Ces deux scènes, longues seulement d’une ou deux minutes chacune, sont deux exemples révélateurs des représentations de la nature dans un grand nombre d’œuvres culturelles populaires : une nature stéréotypée de carte postale, figée et immuable, présentée non pas pour elle-même mais comme symbole des états d’esprit des protagonistes humains ou d’un espace-lieu de sérénité hors du temps.
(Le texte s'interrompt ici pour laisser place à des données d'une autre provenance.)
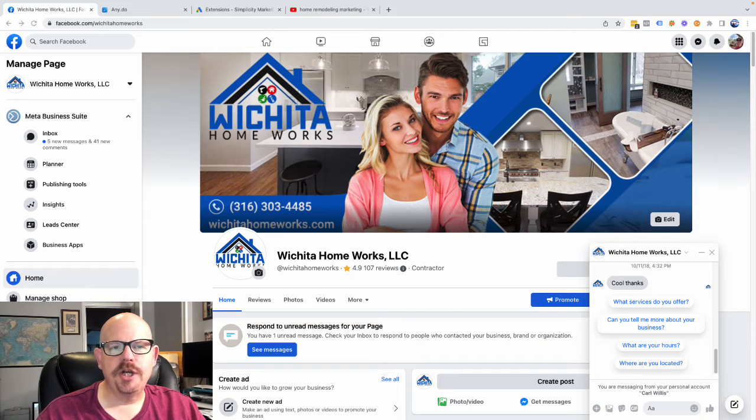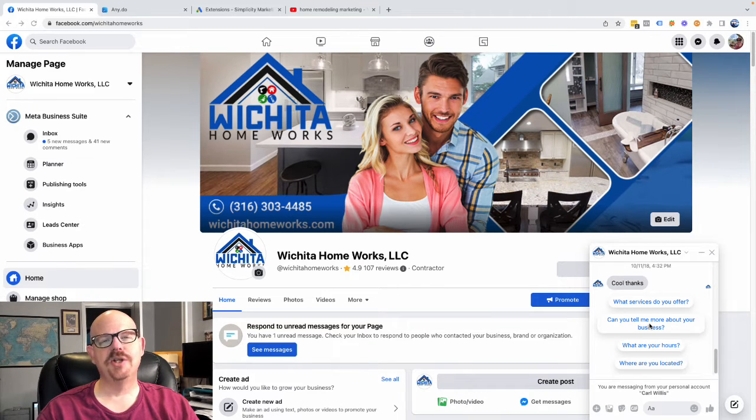There are a couple of things I want you to see. We're using Wichita Homeworks as our example here once again. The phone number is prominent, the website is prominent, and they're using AI. You can click on any of these messages and it's going to give you some basic information. It's a good place to handle common questions, and you can also pre-screen using that artificial intelligence in the messaging system to do a little bit of the lifting for you.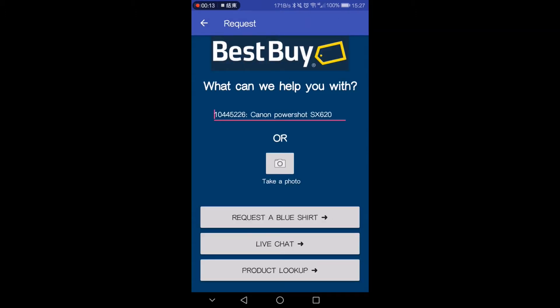With this information you can request a blue shirt, have a live chat, or use product lookup. We're going to request a blue shirt.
D’une façon générale, la nature présente dans nos imaginaires collectifs renvoie effectivement à des images figées, immuables et stéréotypées. Une grande partie d’entre nous a pourtant encore des souvenirs de jeux dehors, seul(e) ou à plusieurs, à déterrer des vers de terre, à attraper des grenouilles, à cueillir un bouquet de fleurs pour offrir, à grimper dans l’arbre du jardin de nos grands-parents… Dans ces souvenirs, la ‘nature’ est plurielle, variée, imprévisible, libre, ni méchante ni gentille, pleine d’inconnus et de découvertes possibles. Nous avons été en contact avec elle, nous nous sommes même souvent immergé(es) dans ce vivant. Nous savons au fond de nous que c’est cette nature et ces liens avec ce vivant qu’il s’agit de préserver, dans toute leur diversité, leur dynamique, et pas une maigre collection de clichés jaunis par le temps. Pourtant, nous n’en parlons pas, nous préférons les images de carte postale, cette nature vue de loin. Nous avons collectivement construit, dans les sociétés occidentales, ce que Serge Moscovici appelait une « société contre nature » 1, nos imaginaires collectifs ont progressivement séparé notre ‘humanité’ du reste du vivant ; ou plutôt ne mobilisent ce vivant, cette nature, que quand cela nous arrange – tel type de comportement humain n’est pas ‘naturel’, au contraire de tel autre – au gré des situations et des enjeux.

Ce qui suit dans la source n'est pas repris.